Overall and gender-wise distribution of urinary iodine concentration and antithyroid peroxidase (anti-TPO) antibody positivity between male and female subjects.

Table 3.

Description of thyroid antibody and urinary iodine concentration among euthyroid vs. subjects with various thyroid disorders.

Hypothyroidism Euthyroid Hyperthyroidism
Overt
n (%)
Subclinical
n (%)
Subclinical
n (%)
Overt
n (%)
Urinary Iodine excretion 763 52 (6.8) 184 (24.1) 510 (66.8) 10 (1.3) 7 (0.9)
Severe/moderate iodine deficiency (<50 μg/l) 104 (13.6) 8 (15.4) 25 (13.6) 68 (13.3) 2 (20) 1 (14.2)
Mild iodine deficiency
(50–99 μg/L)
113 (14.8) 8 (15.4) 26 (14.1) 75 (14.7) 2 (20) 2 (28.6)
Optimal UIC iodine
(100–300 μg/L)
546 (71.6) 36 (69.2) 133 (72.2) 367 (72) 6 (60) 4 (57)
Serum anti-TPO levels (IU/ml), n (%) 560 47 (8.4) 170 (30.4) 334 (59.6) 6 (1.1) 3 (0.5)
Normal 484 (86.4) 36 (76.6) 145 (85.3) 295 (88.3) 5 (83.3) 3 (100)
Elevated 76 (13.6) 11 (23.4) 25 (14.7) 39 (11.7) 1 (16.6) 0 (0.0)

Discussion

Thyroid dysfunction, the most common endocrine disorder affecting the general population, contributes significantly to morbidity of general population. J&K is nested along the Himalayan region and is one of the known endemic areas of iodine deficiency diseases (11, 12). Tribal population residing in hilly areas is traditionally considered a high-risk group for iodine deficiency (1, 4). However, after universal salt iodization, we intended to know the current magnitude of iodine deficiency and its impact on the prevalence of thyroid dysfunction and autoimmunity in this underprivileged community.

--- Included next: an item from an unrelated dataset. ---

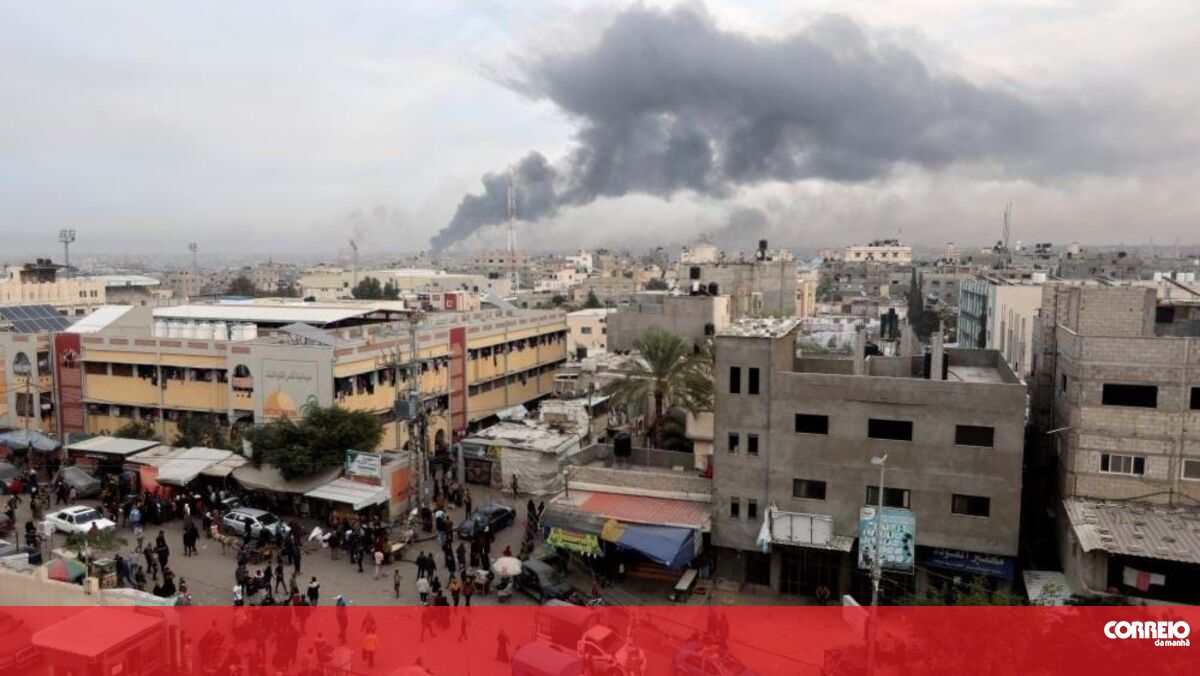 Muro corte e detonações de pedras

A study conducted two decades ago among school-going children from non-tribal population in Kashmir region revealed the mean UIC of 49.6 ± 3.6 μg/g of creatinine (5). Another follow-up study 15 years later in the same region showed a remarkable improvement in the iodine status of Kashmiri schoolchildren with mean UIC of 123.6 ± 5.3 μg/L (6). Our study is the first to capture data regarding the iodine status of the tribal population of the J&K. In our study, the median (IQR) for UIC was 154.50 (135) μg/L, with no significant difference between male and female subjects (P = 0.09). It was comparable to our previous study done about a decade back in a tertiary care hospital among pregnant women, where we found a mean UIC of 143.78 ± 17.65 μg/L in euthyroid women in the first trimester; although still suboptimal, it revealed that iodine status relatively improved when compared to earlier reports from the region (13). This could be attributed to increased awareness and use of iodized salt over the last decade.

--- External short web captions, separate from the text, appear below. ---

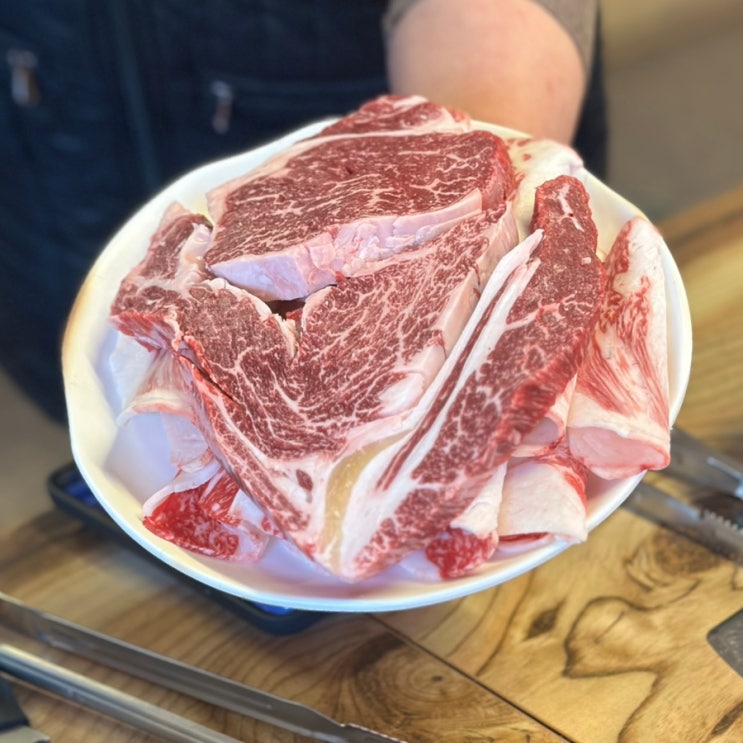  부농정육식당 3인 육사시미 한우소모듬한판600g 한돈오겹살+뒷목살600g 소고기된장라면 리뷰.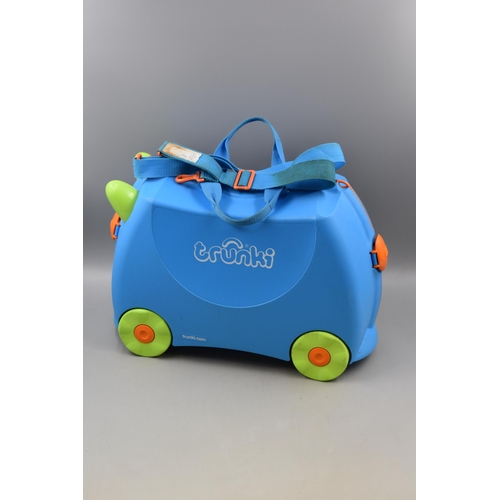 568 - Childrens Trunki Pull Along Storage Case with Key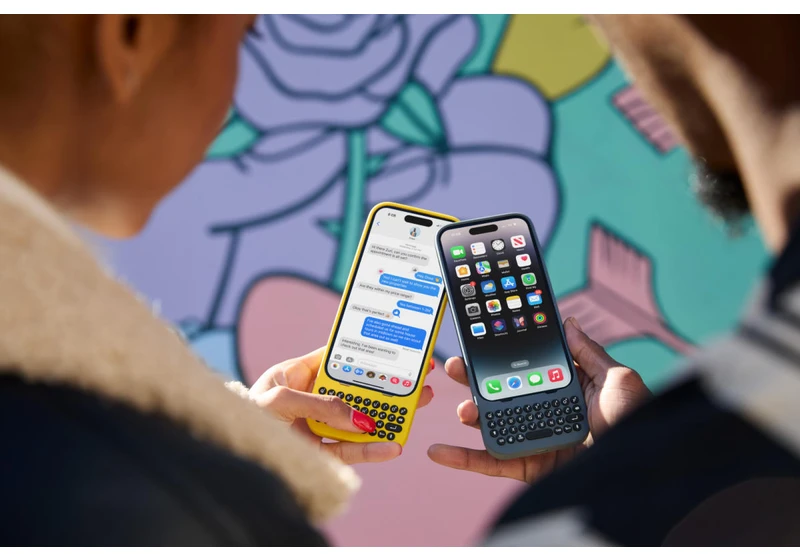 Clicks wants to make physical iPhone keyboard cases a thing again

Despite adequate iodine intake (overall), this survey revealed evidence of ID in some areas. UIC being a measure of population iodine status rather than that of individuals, the extrapolated data from this small study may furnish preliminary insights into the extent of residual deficiency in the post-iodization era in the tribal subjects of J&K. The overall prevalence of ID in our study is 28.4%, while the 1995 survey in Kashmir valley revealed that 50% of school-going children had low UIC suggestive of ID (5). Although the prevalence seems to have come down by almost half in 25 years of universal iodine supplementation, it is still far higher than that reported (12.7%) by us among the residents of Delhi (8). This persistent high prevalence of ID in this underserved population may be due to consumption of non-iodized salt, which is still prevalent among some tribal areas of the J&K. However, the scenario looks better than the very high prevalence of ID found in other tribal communities in India like the Niyamgiri mountain area, Orissa (51.7%) and Kerala (87.5%), due to consumption of non-iodized salt (9, 10).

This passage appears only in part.